Certain aspects of screen printing can have an odor, but curing plastisol on an exhausted dryer shouldn't be that bad. 

One of my dryers is a workhorse and I can tell you it uses a passive venting system and the exhaust is attached outside of the curing chamber. There's a lip attached to the machine on the outfeed section. Having a pusher fan inline on the exhaust could help with that.

What type of odor are you dealing with? Is it a chemical smell? A rotten egg smell? 

How small of a space are you talking about? I think out shop might have had a bit of an odor to it when we were in our first 800 sq. ft. space. Now that we're in a 6000 sq ft. industrial building there's no smell to speak of.
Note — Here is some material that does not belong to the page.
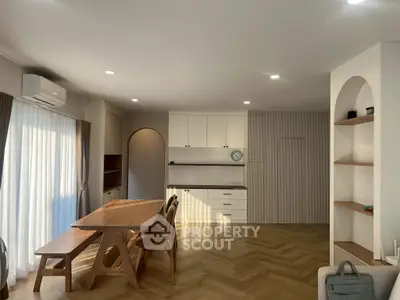Spacious modern living room with elegant wooden dining set and natural light.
If it's a little space it could concentrate the odor and make it more noticeable.


----------



## Ripcord

If the tenants next door are smelling something, I doubt it's plastisol ink, It has almost no odor and nothing in it is evaporative. The shirt fabric can give off a very slight and not unpleasant odor when they go through the dryer, but not enough that you could smell it through the wall next door. Most plastisol printers use solvents that are water soluble and virtually odorless, although there are still a few who use mineral spirits. Still, that doesn't have a huge odor unless they're using a whole lot of it. Ask the tenants to describe the smell. If it's a chemical smell, ask the printer what it might be. Chances are he can use something different that what he's using now and eliminate the smell.
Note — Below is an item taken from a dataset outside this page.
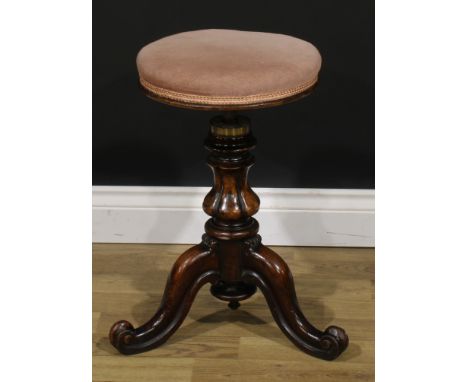 A Victorian walnut adjustable piano stool, stuffed over seat, rising on a lobed baluster column, three scroll legs, centered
Can you smell it yourself? Tell us what it smells like.


----------



## Printor

Smellllllll iiiitttt does it smell skunky? That's probably the most common smell complaint coming from a print shop if it's not discharge inks. kidding......maybe...


----------



## Leg cramps

No it was me, I lit the new "stinky screen printer" candle I got from yankee candle. You can find it next to beer and bacon candles in the man candle section.


----------



## Ripcord

Bubble bubble bubble (cough cough...) Wha? ...I don't smell nothin', man.


----------



## Dekzion

From a ventilation perspective,,, if you have installed ventilators that are sucking the air OUT of the room where a smell is creeping into, you are exasperating the problem, because you are pulling in the smell from the crack that it's coming through.
You need to pressurize the room slightly by venting air INTO the room with outside clean air.
We had to do that with a filtered fan on a sprayshop so that the dust from the de fettling area outside wasn't sucked in.


----------



## corbincdc

Thanks so much for all your help! We currently have it vent through the roof using a 300 cfm inline fan and connected to the 8" port on the top of the exhaust port on the dryer. 

And the neighbors are still complaining!

We are now thinking of upgrading the fan to a 720 CFM inline removing the 8" duct and building a hood that sits over the unit. Then installing a fresh air return. 

Any one think that will help/ solve the problem. 

Thanks


----------



## Ripcord

I think you're putting too much money and effort into a problem that should be solvable by figuring out exactly what it is they are smelling and getting the printer to stop using it. If he's just printing plastisol there are plenty of solvents available that are virtually odorless.


----------



## Printor

Doesn't sound like the smell has any thing to do with the shirt dryer. Without some one describing the smell, it will be very difficult to figure out which chemical and what part of the shop is the problem.


----------



## Celtic

If neighbors are still complaining, even though they say that they aren't using discharge, hmm, or maybe their using plasticharge, and don't want to admit to it. 
That would be the big culprit, unless some rodent died in their shop and keeps getting run through their dryer ! YIKES


----------



## corbincdc

It smells like burning plastic.


----------



## Ripcord

corbincdc said:


> It smells like burning plastic.


Well then, it's probably not a chemical. Curing plastisol ink creates a little bit of a scent, but not very much, and it's not a stinky smell. You couldn't smell it through a wall unless your sense of smell is overly sensitive. Have you gone into the print shop to see if you can smell it yourself? Or to the neighbors to see if you can smell it over there?


----------



## DigitalMayhem

corbincdc said:


> It smells like burning plastic.


https://answers.yahoo.com/question/index?qid=20130620233735AAqYuLW

Sent from my 831C using T-Shirt Forums


----------



## Printor

The only things in our shop that can smell like burning plastic, would be temporary smells, like, electrical problem, burning a shirt board, running a lot of polyester fleece though the dryer(to me that smell more sweet than burnt) Some iron on materials smell stonger than others,(but not like burning plastic) It really seems like the neighbors don't like them. If that wasn't the case they should have figured out what's going on by now. When the smell is strong, they should go ask what is being used right now that is different. If my neighbors complained about a smell, I would say" Please come wander the shop and tell me if one area smells stronger than another, so I can do something about it.) What kind of business is it, that's doing the complaining?


----------



## corbincdc

The neighbor is a gym.


----------



## Printor

B.O. smells way worse than plastisol. I bet the smell is coming from something in the Gym. There's more plastic in there than in the print shop.


----------



## Full Moon

I smell the smelly smell of something that smells smelly.


----------



## Printor

They probably have a belt burning on a treadmill


----------



## Celtic

Gimme the smell of a screenprinting shop any day over the mega B O of a gym !
Sounds like they just have a problem with their neighbors and are looking to cause a problem.
And, yes, the smell they smell could actually be some electrical issue with one of their workout machines.


----------